We can see a difference in performance, but this is only just a single example. Now we should test this with some different origins and destinations. We have already created a _thing_ with _xxx_ randomly chosen origins and destinations that we will be feeding into the algorithms. Since this is a very computationally expensive task, we have pre-run the operation and have stored the values of interest (runtime and length of shortest path) in a csv that we can extract our data from and apply some statistics.

In [None]:
# TODO extract csv data into lists that we can plot

#BDS Stats
bds_runtime = []
bds_degrees = []

#csv reading code borrowed from pythonspot.com
with open('bds_data.csv', 'r') as f:
    reader = csv.reader(f)
    row_number = 0
    for row in reader:
        if row_number != 0:
            bds_runtime.append(row[1])
            bds_degrees.append(row[0])
        row_number += 1

#Djikstra's Stats
djk_runtime = []
djk_degrees = []

with open('djk_data.csv', 'r') as f:
    reader = csv.reader(f)
    row_number = 0
    for row in reader:
        if row_number != 0:
            djk_runtime.append(row[1])
            djk_degrees.append(row[0])
        row_number += 1

In [None]:
# TODO perform quick statistics to find runtime mean and standard deviation per degrees

#Separate runtimes based on the degree of path it ocurred in

bds_runtime_deg1 = []
bds_runtime_deg2 = []
bds_runtime_deg3 = []
bds_runtime_deg4 = []
bds_runtime_deg5 = []
bds_runtime_deg6 = []

for i in len(bds_runtime):
    if bds_degrees[i] == 1:
        bds_runtime_deg1.append(bds_runtime[i])
    if bds_degrees[i] == 2:
        bds_runtime_deg2.append(bds_runtime[i])
    if bds_degrees[i] == 3:
        bds_runtime_deg3.append(bds_runtime[i])
    if bds_degrees[i] == 4:
        bds_runtime_deg4.append(bds_runtime[i])
    if bds_degrees[i] == 5:
        bds_runtime_deg5.append(bds_runtime[i])
    if bds_degrees[i] == 6:
        bds_runtime_deg6.append(bds_runtime[i])


djk_runtime_deg1 = []
djk_runtime_deg2 = []
djk_runtime_deg3 = []
djk_runtime_deg4 = []
djk_runtime_deg5 = []
djk_runtime_deg6 = []

for i in len(djk_runtime):
    if djk_degrees[i] == 1:
        djk_runtime_deg1.append(djk_runtime[i])
    if djk_degrees[i] == 2:
        djk_runtime_deg2.append(djk_runtime[i])
    if djk_degrees[i] == 3:
        djk_runtime_deg3.append(djk_runtime[i])
    if djk_degrees[i] == 4:
        djk_runtime_deg4.append(djk_runtime[i])
    if djk_degrees[i] == 5:
        djk_runtime_deg5.append(djk_runtime[i])
    if djk_degrees[i] == 6:
        djk_runtime_deg6.append(djk_runtime[i])
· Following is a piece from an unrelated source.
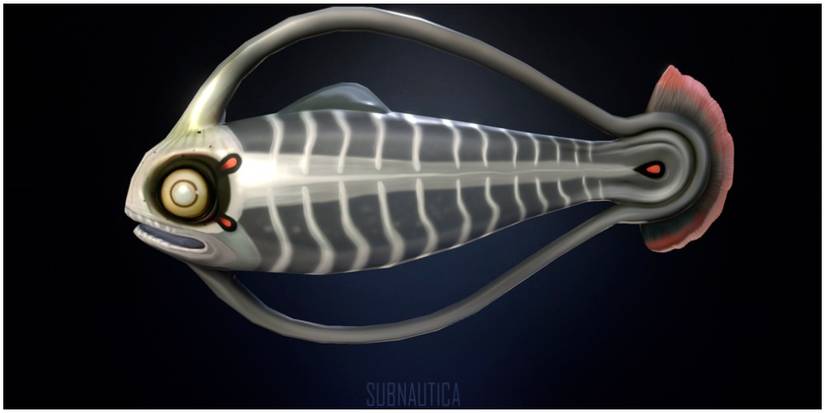 fish that look skeletal but are not.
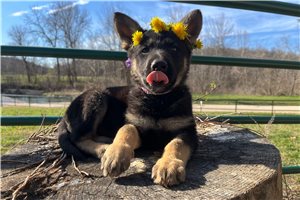 Galilea - German Shepherd for sale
# Find the Mean and Standard deviations

#bds
bds_deg1_mean = np.mean(bds_runtime_deg1)
bds_deg2_mean = np.mean(bds_runtime_deg2)
bds_deg3_mean = np.mean(bds_runtime_deg3)
bds_deg4_mean = np.mean(bds_runtime_deg4)
bds_deg5_mean = np.mean(bds_runtime_deg5)
bds_deg6_mean = np.mean(bds_runtime_deg6)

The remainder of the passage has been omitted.